(Caption-style text data)
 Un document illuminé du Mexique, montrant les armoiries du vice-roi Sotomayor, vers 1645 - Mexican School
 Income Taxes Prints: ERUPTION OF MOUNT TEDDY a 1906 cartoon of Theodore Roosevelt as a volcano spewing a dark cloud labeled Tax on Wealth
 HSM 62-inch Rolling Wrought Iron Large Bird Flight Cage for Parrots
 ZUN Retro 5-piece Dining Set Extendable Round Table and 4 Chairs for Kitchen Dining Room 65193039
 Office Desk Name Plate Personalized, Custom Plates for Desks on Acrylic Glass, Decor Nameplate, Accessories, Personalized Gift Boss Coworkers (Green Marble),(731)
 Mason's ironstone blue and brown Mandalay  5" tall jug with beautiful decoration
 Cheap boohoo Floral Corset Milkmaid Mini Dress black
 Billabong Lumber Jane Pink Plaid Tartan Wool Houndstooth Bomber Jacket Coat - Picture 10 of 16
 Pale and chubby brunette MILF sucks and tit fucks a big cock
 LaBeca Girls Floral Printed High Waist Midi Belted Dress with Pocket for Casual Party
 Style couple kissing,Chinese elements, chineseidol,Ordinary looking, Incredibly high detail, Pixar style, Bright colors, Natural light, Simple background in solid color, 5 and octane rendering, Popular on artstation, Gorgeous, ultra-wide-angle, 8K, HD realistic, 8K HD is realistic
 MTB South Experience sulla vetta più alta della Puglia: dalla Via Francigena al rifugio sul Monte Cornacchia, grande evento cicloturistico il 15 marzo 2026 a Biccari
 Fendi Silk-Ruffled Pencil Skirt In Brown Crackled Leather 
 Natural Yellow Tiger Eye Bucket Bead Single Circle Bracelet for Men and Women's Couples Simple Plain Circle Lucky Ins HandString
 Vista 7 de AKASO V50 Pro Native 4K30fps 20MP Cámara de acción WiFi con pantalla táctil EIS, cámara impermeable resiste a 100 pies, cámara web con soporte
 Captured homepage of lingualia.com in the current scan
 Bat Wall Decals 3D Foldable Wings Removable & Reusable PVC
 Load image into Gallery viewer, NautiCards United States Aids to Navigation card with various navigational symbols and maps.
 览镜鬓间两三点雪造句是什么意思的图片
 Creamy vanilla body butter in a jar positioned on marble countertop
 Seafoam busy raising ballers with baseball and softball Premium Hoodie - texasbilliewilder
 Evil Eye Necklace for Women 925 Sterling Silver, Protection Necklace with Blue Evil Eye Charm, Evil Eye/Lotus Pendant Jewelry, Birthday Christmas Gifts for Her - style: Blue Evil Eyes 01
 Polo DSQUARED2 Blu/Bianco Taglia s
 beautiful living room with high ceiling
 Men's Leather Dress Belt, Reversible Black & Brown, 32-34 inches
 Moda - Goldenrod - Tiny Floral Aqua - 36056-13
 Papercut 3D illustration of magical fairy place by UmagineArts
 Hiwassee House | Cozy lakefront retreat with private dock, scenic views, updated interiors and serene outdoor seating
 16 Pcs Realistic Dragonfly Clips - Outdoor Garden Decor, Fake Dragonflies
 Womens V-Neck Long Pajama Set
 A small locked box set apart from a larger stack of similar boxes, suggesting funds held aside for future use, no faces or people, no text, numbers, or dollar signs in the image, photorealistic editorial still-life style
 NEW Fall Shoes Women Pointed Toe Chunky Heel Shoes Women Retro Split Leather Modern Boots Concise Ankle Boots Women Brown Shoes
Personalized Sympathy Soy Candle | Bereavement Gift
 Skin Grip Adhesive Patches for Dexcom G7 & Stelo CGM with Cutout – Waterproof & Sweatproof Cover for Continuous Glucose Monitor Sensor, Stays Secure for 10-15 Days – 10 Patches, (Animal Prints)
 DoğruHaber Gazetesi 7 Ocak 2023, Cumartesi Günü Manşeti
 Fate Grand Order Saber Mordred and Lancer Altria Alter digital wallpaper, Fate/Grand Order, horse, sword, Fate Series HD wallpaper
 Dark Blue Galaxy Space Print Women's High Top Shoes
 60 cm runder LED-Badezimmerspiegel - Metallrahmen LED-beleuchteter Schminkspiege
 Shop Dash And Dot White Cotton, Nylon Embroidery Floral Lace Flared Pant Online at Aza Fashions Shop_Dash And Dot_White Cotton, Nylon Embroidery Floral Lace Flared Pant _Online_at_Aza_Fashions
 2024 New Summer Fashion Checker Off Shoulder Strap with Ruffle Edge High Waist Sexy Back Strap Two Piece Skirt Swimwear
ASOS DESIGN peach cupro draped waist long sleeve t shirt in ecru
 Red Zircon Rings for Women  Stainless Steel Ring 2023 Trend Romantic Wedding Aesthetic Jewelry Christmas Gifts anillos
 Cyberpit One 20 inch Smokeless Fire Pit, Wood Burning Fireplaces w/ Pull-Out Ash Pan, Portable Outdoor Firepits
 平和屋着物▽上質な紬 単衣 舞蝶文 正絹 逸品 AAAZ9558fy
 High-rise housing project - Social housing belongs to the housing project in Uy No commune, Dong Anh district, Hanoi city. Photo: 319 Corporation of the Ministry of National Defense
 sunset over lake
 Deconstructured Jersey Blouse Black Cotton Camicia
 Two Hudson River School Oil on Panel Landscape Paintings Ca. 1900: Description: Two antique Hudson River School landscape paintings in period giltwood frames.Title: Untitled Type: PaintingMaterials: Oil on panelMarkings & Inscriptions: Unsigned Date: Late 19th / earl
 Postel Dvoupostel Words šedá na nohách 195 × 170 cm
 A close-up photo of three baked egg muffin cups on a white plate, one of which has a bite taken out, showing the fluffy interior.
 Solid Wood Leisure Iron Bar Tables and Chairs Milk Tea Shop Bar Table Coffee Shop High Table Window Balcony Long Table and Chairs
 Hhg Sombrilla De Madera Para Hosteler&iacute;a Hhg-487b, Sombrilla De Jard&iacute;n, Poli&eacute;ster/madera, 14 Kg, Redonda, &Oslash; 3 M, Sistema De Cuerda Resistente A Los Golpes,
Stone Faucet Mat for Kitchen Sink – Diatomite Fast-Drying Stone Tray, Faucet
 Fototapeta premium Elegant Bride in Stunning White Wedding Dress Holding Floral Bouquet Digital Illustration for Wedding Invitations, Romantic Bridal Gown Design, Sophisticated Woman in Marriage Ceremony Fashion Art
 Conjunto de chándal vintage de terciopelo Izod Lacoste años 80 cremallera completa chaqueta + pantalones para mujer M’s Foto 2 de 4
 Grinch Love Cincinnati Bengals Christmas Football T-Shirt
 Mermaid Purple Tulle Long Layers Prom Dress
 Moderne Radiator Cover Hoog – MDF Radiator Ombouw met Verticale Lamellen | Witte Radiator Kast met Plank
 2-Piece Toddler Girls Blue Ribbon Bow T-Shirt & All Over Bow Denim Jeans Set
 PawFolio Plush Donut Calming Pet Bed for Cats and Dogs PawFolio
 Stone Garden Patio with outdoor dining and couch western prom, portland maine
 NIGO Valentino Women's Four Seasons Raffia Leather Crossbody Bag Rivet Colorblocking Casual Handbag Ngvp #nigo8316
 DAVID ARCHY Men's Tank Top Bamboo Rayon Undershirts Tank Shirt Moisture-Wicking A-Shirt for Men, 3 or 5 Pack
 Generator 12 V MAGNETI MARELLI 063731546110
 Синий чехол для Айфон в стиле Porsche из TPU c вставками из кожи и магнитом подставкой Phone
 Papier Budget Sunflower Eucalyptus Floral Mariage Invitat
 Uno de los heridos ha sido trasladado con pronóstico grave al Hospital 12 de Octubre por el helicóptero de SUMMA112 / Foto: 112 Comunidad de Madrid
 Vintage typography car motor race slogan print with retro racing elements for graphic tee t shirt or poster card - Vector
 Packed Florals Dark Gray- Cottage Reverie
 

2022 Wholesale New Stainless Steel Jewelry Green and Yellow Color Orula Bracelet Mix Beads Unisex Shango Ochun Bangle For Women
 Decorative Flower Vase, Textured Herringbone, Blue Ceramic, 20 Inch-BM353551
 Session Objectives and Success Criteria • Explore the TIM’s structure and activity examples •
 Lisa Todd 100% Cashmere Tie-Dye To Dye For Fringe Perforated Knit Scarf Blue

* **ASSIGNMENT**: Going down from the first line of the entries above, restate each line word for word until the line holding "ZUN Retro 5-piece" is done.

* **SOLUTION**:
 Un document illuminé du Mexique, montrant les armoiries du vice-roi Sotomayor, vers 1645 - Mexican School
 Income Taxes Prints: ERUPTION OF MOUNT TEDDY a 1906 cartoon of Theodore Roosevelt as a volcano spewing a dark cloud labeled Tax on Wealth
 HSM 62-inch Rolling Wrought Iron Large Bird Flight Cage for Parrots
 ZUN Retro 5-piece Dining Set Extendable Round Table and 4 Chairs for Kitchen Dining Room 65193039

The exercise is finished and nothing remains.